Shadow’s end by Sheri S. Tepper

“Nothing like a romantic moon,” she told me. “A little wine, and a silver-tongued Fastigat to make the worlds move.”

“It does not take wine or a Fastigat to move the world,” I told her, thinking of my own love.

“I am relieved to hear it,” she said then, laughing as she wept. We had then a good deal of reason to weep.

But even then, during her meeting with the Procurator, she thought all that Fastigat stuff unnecessary. The memory of Mallia alone wrung her quite enough.

So, she took a deep breath and said to this old, conniving man: “You want me to go to Dinadh, is that it?”

The Procurator nodded. “We want someone to go, and the only people they will allow are Leelson, his mother, or you. Leelson’s mother has refused to go. Leelson himself, we can’t find. That leaves you. You’re already proficient in basic Nantaskan. Dinadh speaks a dialect of Nantaskan. And I’ll send a Fastigat with you.”

“Please. No,” she cried.

He reached toward her, pleadingly. “Lutha. Please. We’ll pick someone who isn’t … intrusive. Someone tactful.”

She snorted.

“Some Fastigats can be,” he said in an offended tone.

“The Dinadhi will allow me a companion?” She sneered. “Someone nonfamily?”

“If he goes as your assistant or servant, yes. You’ll need some such to help with your son. You’ll have to take the boy.”

She laughed again, this time incredulously. “You’re joking, of course.” He knew how ridiculous the idea was. Even the invigilators who had summoned her to this meeting had been aware of the problem Leely presented. They’d brought a whole crèche team with them to take care of Leely while she was away.

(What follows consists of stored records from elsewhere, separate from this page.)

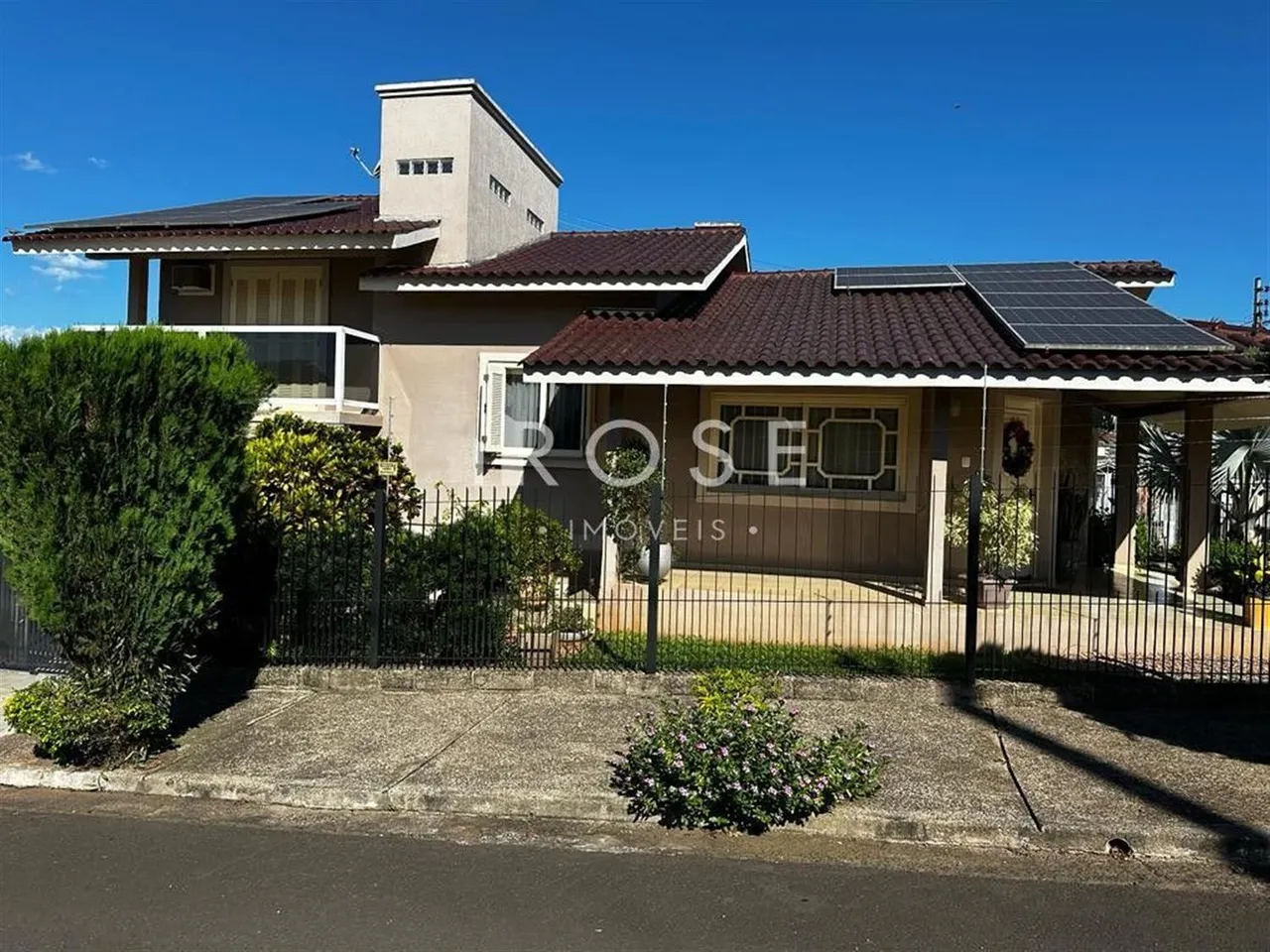 Casa com 2 dormitórios, foto 1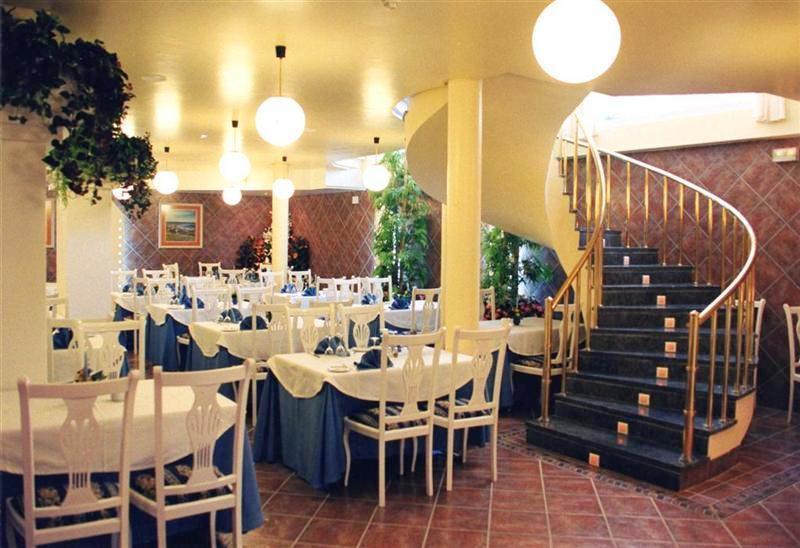 Hotel Villa De Laredo Fuengirola Exterior foto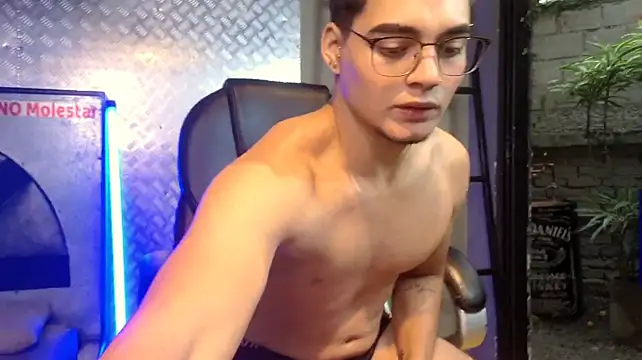 ThiagoFox webcam show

He shook his head at her, leaning forward to pat her knee, an avuncular gesture. “Believe me, Lutha, I wouldn’t ask it if it weren’t necessary. The Dinadhi won’t accept you without the boy.”

“You expect me to drag a child across half a dozen sectors to … ” This child, she said to herself. This particular child, with his particular problems.

“Spatiotemporally, it’s not half a dozen sectors,” he told her. “I wish it were, quite frankly. We’d be safer!”

She made herself relax, slowly picked up the cup once more, finding it fresh, steaming hot.

“Will you go?” he asked.

“Do I have a choice?” she grated. “If I don’t go, you’ll—”

“Nothing,” he assured her. “Really nothing. We have the power to compel you, but compelling you would be useless. We need your willing, intelligent cooperation. It’s up to you whether you give it or not.”

As though that old devil conscience would have let her say no! “You know me,” she said angrily. “You knew I wouldn’t say no. Didn’t you?”

As he did. As Fastigats did. Lutha told me all about Fastigats. Fastigats get to know people very quickly, very well, very completely, as had this bald, quirky old empath across from her who hadn’t come right out and told her he was one of them. Who hadn’t needed to, any more than Leelson had, when they had been together.

“You’re going to be fine,” Leelson had said often during her later stages of pregnancy, soothing her in moments of dismay.

“I know,” she’d snapped. “Women have been having babies for hundreds of thousands of years.”

“Well, yes. But I don’t regard that as particularly comforting, do you?” He made a face at her, making her laugh. “Stars have been blowing up into novas for billions of years, but that doesn’t make their near vicinity desirable.”

“If you intend a similarity, I am offended,” she said. “Though I may have assumed the proportions of a nova, I have no intention of bursting. I merely scream when I stand up, because it hurts to stand up! This may sound like an explosion, but actually—”

“We are not Firsters. You could have—” he interrupted gently.

“Don’t tell me. Of course I could have.” Could have chosen not to be pregnant. Could have chosen to delay the development of the fertilized egg. Could have had the baby developed in a biotech uterus, given crèche birth. She hadn’t chosen that. Why not? She didn’t know why not! Why had he gotten her pregnant in the first place? Fastigats could control that if they wanted to! Obviously, he hadn’t wanted to!